FIG. 8 shows an example of a configuration of a conventional chip inductor. A chip inductor 60 shown in FIG. 8 has electrodes 65 and 67, which are formed on the entire surface of the brims 62 and 64 of a core, and is mounted upon a printed circuit board so that the direction of the length thereof can be the same as the running direction of patterns 61 and 63, which are signal lines on that printed circuit board.

The results from carrying out an electromagnetic field simulation for the above-described conventional chip inductor show that, as shown in FIG. 9, concentration of magnetic fluxes has occurred at the portions indicated by symbols (O) in the brims 62 and 64, which are components of the core. In other words, as is seen from FIGS. 8 and 9, the conventional chip inductor has a configuration where electrodes 65 and 67 are formed at the magnetic flux concentrated portions of the core.

There are problems with the conventional inductor in which the above-described configuration causes increase in magnetic loss and decrease in the Q value.

The present invention has been developed in view of the above-described problems, and aims to provide a chip coil, which reduces magnetic loss and prevents decrease in sensitivity characteristics and the Q value and is suitable for use as an antenna for wireless communications by mounting on various wireless communication equipment (e.g., radio frequency identification (RFID)).

SUMMARY OF THE INVENTION

The present invention has a configuration to achieve the above objectives and solve the above-described problems. In other words, a chip coil according to the present invention is made up of a core including a drum and brims provided on both ends of that drum; a coil conductor formed on the drum; and external electrodes that are electrically connected to the coil conductor; wherein the external electrodes are arranged between the brims.

The chip coil further includes a conductive part extended from each external electrode, wherein the conductive part is connected to one end of the coil conductor. In addition, the width of the conductive part is smaller than that of the drum.

The conductive part is arranged so as to fall within the width of the drum of the core. In addition, internal electrodes are formed on the brims, and the coil conductor is connected to the internal electrodes.

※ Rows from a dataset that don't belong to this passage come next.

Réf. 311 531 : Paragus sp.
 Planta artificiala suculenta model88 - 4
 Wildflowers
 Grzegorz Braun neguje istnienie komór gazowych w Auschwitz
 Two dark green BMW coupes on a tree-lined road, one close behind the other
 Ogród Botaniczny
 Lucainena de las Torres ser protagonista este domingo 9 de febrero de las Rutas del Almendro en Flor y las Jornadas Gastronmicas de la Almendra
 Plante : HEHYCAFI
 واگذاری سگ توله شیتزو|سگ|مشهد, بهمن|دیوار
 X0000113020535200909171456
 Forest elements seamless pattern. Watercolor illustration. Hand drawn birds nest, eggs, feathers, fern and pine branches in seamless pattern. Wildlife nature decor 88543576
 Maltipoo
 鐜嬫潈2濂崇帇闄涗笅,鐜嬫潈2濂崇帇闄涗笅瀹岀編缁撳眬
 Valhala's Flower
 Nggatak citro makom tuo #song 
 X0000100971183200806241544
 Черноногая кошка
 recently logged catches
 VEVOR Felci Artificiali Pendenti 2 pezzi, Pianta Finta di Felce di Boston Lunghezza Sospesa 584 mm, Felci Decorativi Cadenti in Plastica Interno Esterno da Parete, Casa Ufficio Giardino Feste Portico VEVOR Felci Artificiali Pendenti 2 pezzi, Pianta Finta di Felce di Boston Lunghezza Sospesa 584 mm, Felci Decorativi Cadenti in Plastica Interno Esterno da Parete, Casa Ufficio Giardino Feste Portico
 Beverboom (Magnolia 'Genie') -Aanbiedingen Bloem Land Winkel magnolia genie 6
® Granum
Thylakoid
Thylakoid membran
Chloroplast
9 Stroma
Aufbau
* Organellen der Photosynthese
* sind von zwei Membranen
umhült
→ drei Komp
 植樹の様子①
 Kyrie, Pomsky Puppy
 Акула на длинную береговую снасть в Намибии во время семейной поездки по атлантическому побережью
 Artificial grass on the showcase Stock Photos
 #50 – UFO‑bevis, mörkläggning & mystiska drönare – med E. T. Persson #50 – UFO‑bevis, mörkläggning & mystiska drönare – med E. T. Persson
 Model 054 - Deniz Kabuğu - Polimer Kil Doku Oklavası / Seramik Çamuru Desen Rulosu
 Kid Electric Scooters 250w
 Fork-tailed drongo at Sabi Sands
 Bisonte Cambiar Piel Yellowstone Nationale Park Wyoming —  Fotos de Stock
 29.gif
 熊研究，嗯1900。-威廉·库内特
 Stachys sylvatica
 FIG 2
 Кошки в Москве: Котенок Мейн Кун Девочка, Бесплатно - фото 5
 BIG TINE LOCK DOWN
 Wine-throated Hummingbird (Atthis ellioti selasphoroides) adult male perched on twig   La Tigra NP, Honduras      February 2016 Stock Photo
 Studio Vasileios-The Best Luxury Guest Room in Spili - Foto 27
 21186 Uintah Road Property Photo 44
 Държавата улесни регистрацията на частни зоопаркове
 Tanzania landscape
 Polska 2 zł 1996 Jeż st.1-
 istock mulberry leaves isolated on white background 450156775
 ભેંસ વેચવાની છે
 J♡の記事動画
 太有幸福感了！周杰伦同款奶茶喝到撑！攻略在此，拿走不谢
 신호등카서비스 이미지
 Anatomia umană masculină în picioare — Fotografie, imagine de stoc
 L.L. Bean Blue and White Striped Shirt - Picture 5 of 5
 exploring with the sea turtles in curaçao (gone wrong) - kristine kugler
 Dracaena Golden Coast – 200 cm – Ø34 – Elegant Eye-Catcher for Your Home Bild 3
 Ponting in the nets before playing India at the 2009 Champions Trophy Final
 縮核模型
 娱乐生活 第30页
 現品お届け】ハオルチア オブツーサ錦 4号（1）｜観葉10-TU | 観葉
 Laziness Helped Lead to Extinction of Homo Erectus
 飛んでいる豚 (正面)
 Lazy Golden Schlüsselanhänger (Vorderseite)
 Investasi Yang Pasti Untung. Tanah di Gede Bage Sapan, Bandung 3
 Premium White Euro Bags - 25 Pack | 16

Each of the widths of the internal electrodes is smaller than that of the drum. In addition, the internal electrodes are metal coated films formed on an insulator substrate, which is fixed to the brims. Furthermore, the tips of the external electrodes are not fixed.

The internal electrodes have a first metal layer and a second metal layer formed separately on the first metal layer, and the end of the coil conductor is arranged between separately-formed second metal layer and is sandwiched in between the conductive part and the first metal layer.

The present invention allows reduction in magnetic loss of the coil and prevents decrease in sensitivity and the Q value due to the electrodes of the coil.

BRIEF DESCRIPTION OF THE DRAWINGS

FIG. 1 is a diagram describing an arrangement of electrodes of a chip coil according to an embodiment of the present invention;

FIGS. 2A through 2F show a chip coil manufacturing process according to the embodiment;

FIG. 3 is a perspective view showing an entire configuration of the chip coil according to the embodiment;

FIG. 4 shows a shape of a lead frame of a chip coil according to a modified example;

FIG. 5 is a perspective view of the exterior of the chip coil according to the modified example;

FIG. 6 is a perspective view of a board according to another modified example.

FIG. 7 is a sectional view of the board according to the modified example.

FIG. 8 shows an example of the exterior of the conventional chip inductor; and

FIG. 9 shows magnetic flux concentrated portions of the chip inductor as a result of an electromagnetic field simulation.

DETAILED DESCRIPTION OF THE INVENTION

An embodiment of the present invention is described forthwith in detail while referencing the attached drawings. FIG. 1 is a diagram describing an arrangement of electrodes of a chip coil according to the embodiment. Magnetic flux concentrated portions of the chip coil have been found through the above-described electromagnetic field simulation. Magnetic flux concentrated portions are indicated by symbols (O) in FIG. 1. Major concentrated portions are four corners of both ends of a core 2, which is made up of a core drum 4 and brims 5 and 6, and four corners of both ends of the core drum 4.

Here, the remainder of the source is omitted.